Only intense pressure at the eleventh hour can make me tick in packing up my things for any trip I take and this had always worked for me in the past but last week the system failed. I knew the trip I was going to make was to be an exemption from all other out-of town trips I’ve taken because I was leaving the boarding house which has become my haven for the past three years for good.
Our flight for Manila was scheduled at 7 a.m. on Tuesday last week. On Monday evening I went to NCCC mall to buy a bath towel and other necessary items, lined up at several counters to pay for my purchases while the precious time I should have spent doing final packing ticked by.
Minutes later, I was frantically stuffing things into my luggage bag, knowing that my choices were either to take them or leave them behind, never to see them again. My sentimentality won, and I had a hard time trying to coax the zippers to close as my luggage bag was loaded with unnecessary items.
My cellphone kept on ringing, messages flew in and I was getting irritated because I was under intense pressure. I should have been wise enough to turn it off or turn the ringer to silent mode to be able to concentrate on the task at hand. Multiple messages came from Grace, chiding me for still not showing up when the despedida party they were holding was for me.
When the clock struck midnight,I was almost finished but still had to deliver a roll of newspapers to columnist Jojie Alcantara at her house. Thanks for buddy Jun who came to the rescue and delivered me in his motorcycle.
At 4 a.m. I was still in Lanang, groggy with all the drinks the group plied on me since we went bar hopping when Celina texted she was going to fetch me from the boarding house. I barely made it home before she arrived stopped by and caught struggling with the huge luggage bag down the 12 steps of stairs.

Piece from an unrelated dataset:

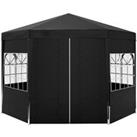 Outsunny 4 m Party Tent Wedding Gazebo Outdoor Waterproof PE Canopy Shade with 6 Removable Side Wall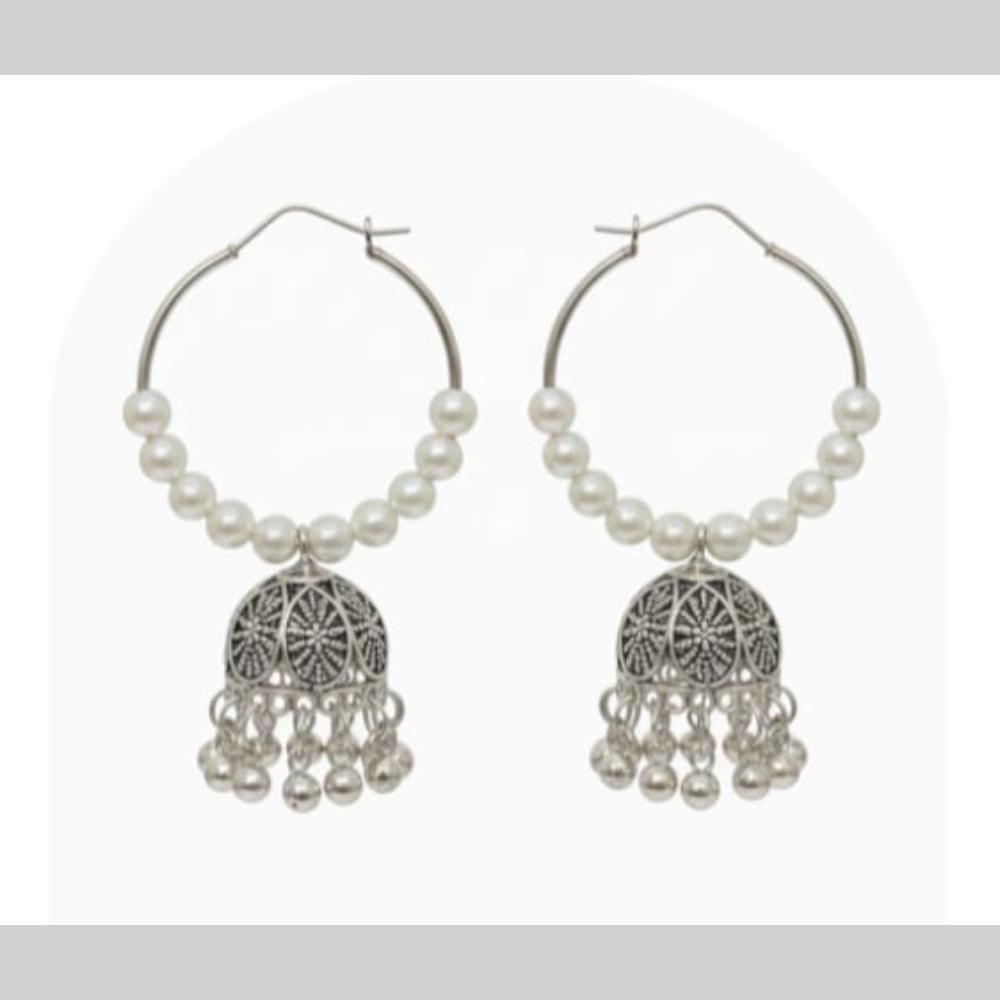 Dhirish International Heritage Oxidised Plated Pearl Jhumki Earrings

Domestic flights passengers were only allowed 20 kilos of baggage and mine totaled 30 kilos. I painfully paid P367 from my wallet for the excess 10 kilos. I had to drag my super-heavy luggage bag over to the second floor of the tenement where Kuya Ariel, hubby of news editor Gigie lives in camp Crame that day and drag it across the hallways and down the stairs again the next morning.
I texted my younger brother in Marikina to come and save me from the excess baggage but changed my mind when we were informed that international flights allow us to check in 70 pounds of baggage.
I wondered what made my baggage too heavy but I dared not open it because it require me two weeks to put it back together. I hate to remember the agony I went through in dragging the heavy luggage all over the Ninoy Aquino International Airport until I was finally able to check it in.
Whew, relief!
The Customs in Palau answered the puzzle. They are not equipped with x-rays and had to literally and manually inspect all items in your suitcases, and I mean EVERY item. The Custom official took everything out, shook my clothes and blankets and jeans and scrutinized all items, including underwears while everybody looks on. It made me cringe inside but was hardly able to suppress my laughter when I realized that I forgot to change the five and 10 peso coins, and more loose change totaling to almost P400 from my alkansya to bills. I couldn’t put them in the garbage can, so I have no choice but to stand watch as the huge Customs official tore through the newspaper wrapping and saw my loot.
I also brought a stuffed monkey curtain hugger (couldn’t leave him behind as he held my curtains for the past two years), books, and an odd assortment of objects no sensible traveler would ever think of carrying.